WASHINGTON – President Barack Obama's first week in power was a whirl of activity, but the orders and pronouncements flowing from the White House had little to do with the central mission of his presidency: overhauling health care, weaning the nation from foreign oil and fixing the economy.
Obama's early moves carried huge symbolic value. On his first full day he called in top military advisers and pushed them for a faster timetable for withdrawing combat troops from Iraq. He announced that he would close the military prison at Guantanamo Bay. He also rolled out new policies meant to curb the power of lobbyists.
But those actions had another purpose: clearing some issues off the table for the time being so that Obama can turn his attention to thornier projects, such as health care, that have confounded past presidents. "He is definitely buying time and space," said Peter Hart, a Democratic pollster.
Obama's initial moves have a certain political utility. Everything he did tracked campaign promises to break sharply from the Bush administration.
And he helped to defuse emotionally charged issues, even if the practical effects won't be felt right away, if at all. Guantanamo, for example, might not be shuttered for a year while the Obama administration decides the fate of its approximately 250 inmates. Obama's timetable for an Iraq drawdown calls for all combat troops to be removed by mid-2010.

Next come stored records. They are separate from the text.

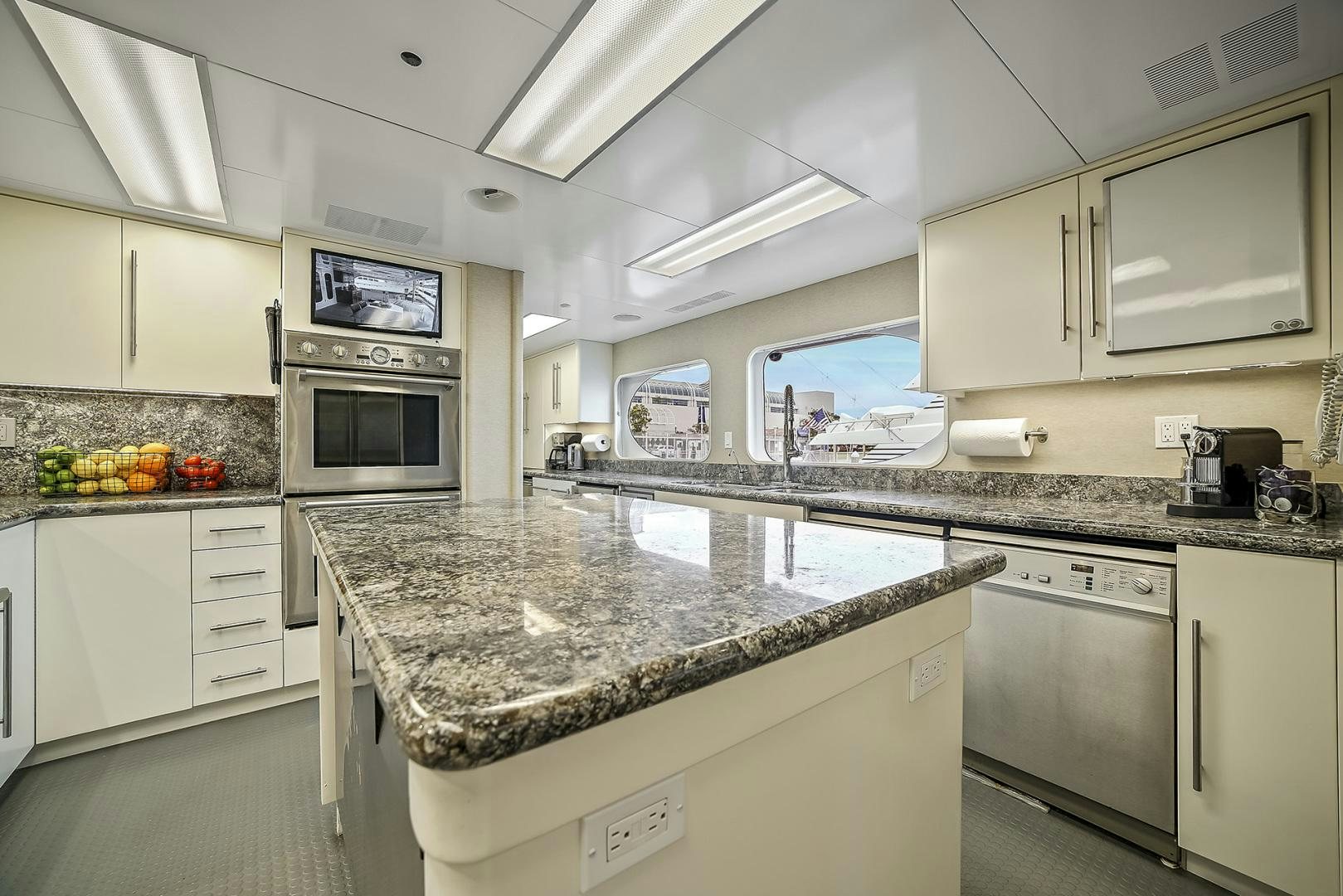 a kitchen with a marble counter top aboard ARTEMIS Yacht for Sale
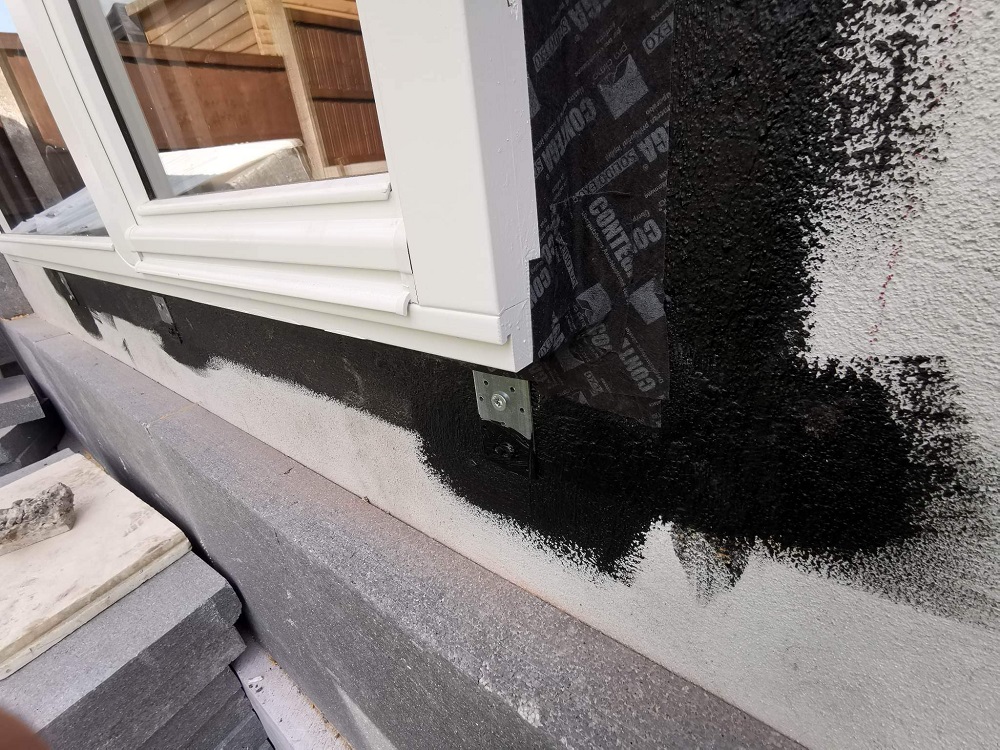 Brackets holding window within external wall insulation layer, AECB Retrofit Standard bungalow, Wrexham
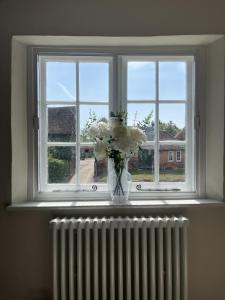 a vase of white flowers sitting on a window sill at The Old Forge in Wendover +9 photos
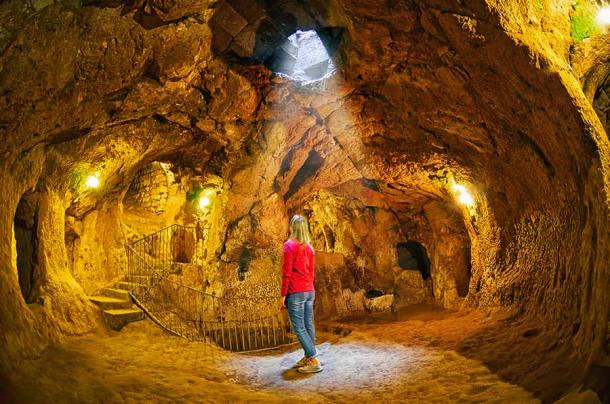 Visitor at the Derinkuyu underground city in Turkey. (natalia_maroz / Adobe Stock)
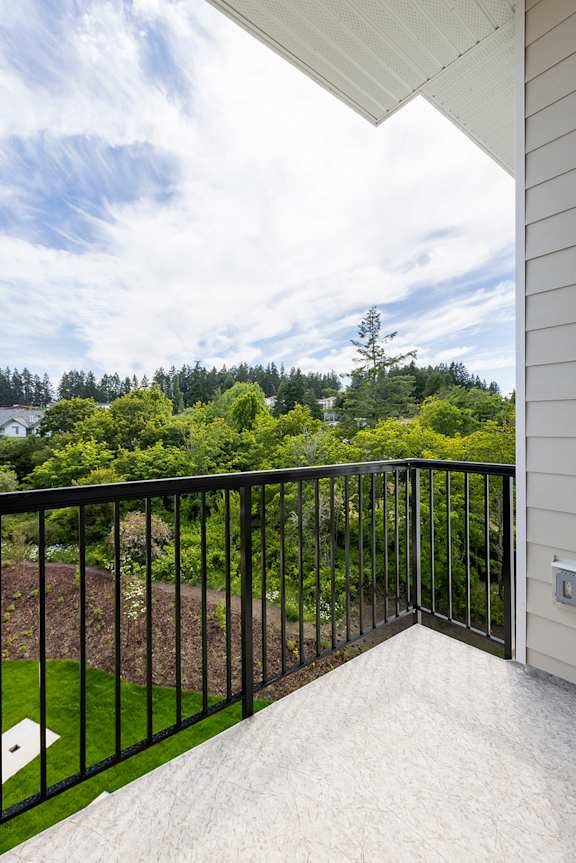 A balcony with a black railing overlooking a green landscape.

Obama is signaling through these moves that he is making a big change in policy, even if the change will take awhile to take effect. He is saying: "It isn't going to happen at this instant moment. But it's not something that I'm sidestepping or re-evaluating now that I'm commander in chief," Hart said.
What is more, Obama's actions set a new tone that the rest of the world can't help but notice.
"An order from the White House sends an immediate message," said the Rev. Richard L. Killmer, executive director of the National Religious Campaign Against Torture.
On Thursday, Obama announced he was banning interrogation techniques that opponents described as torture. "Messages have real, concrete effects. Just by issuing one, he can re-establish relations that we have with a large part of the world," Killmer said.
Although he cast his new ethics rules as the strictest ever, Obama has left wiggle room for lobbyists he feels he can't do without. On Wednesday, he announced a new policy barring lobbyists joining the government from working on issues for two years that were the focus of their advocacy work. But there are exceptions. The president's choice for a top Pentagon job, William J. Lynn, was a registered lobbyist for the defense contractor Raytheon Co. until last year.
The biggest tests for Obama are not what he can accomplish by executive fiat. He has staked his presidency on building the political consensus needed for dramatic swings in policy.
On health care, Obama has a narrow window to create a system that would reduce costs while extending coverage to more people. The political calendar requires him to act this year. If he lets the debate bleed into 2010, the effort could be entangled in the mid-term congressional elections, a scenario he wants to avoid.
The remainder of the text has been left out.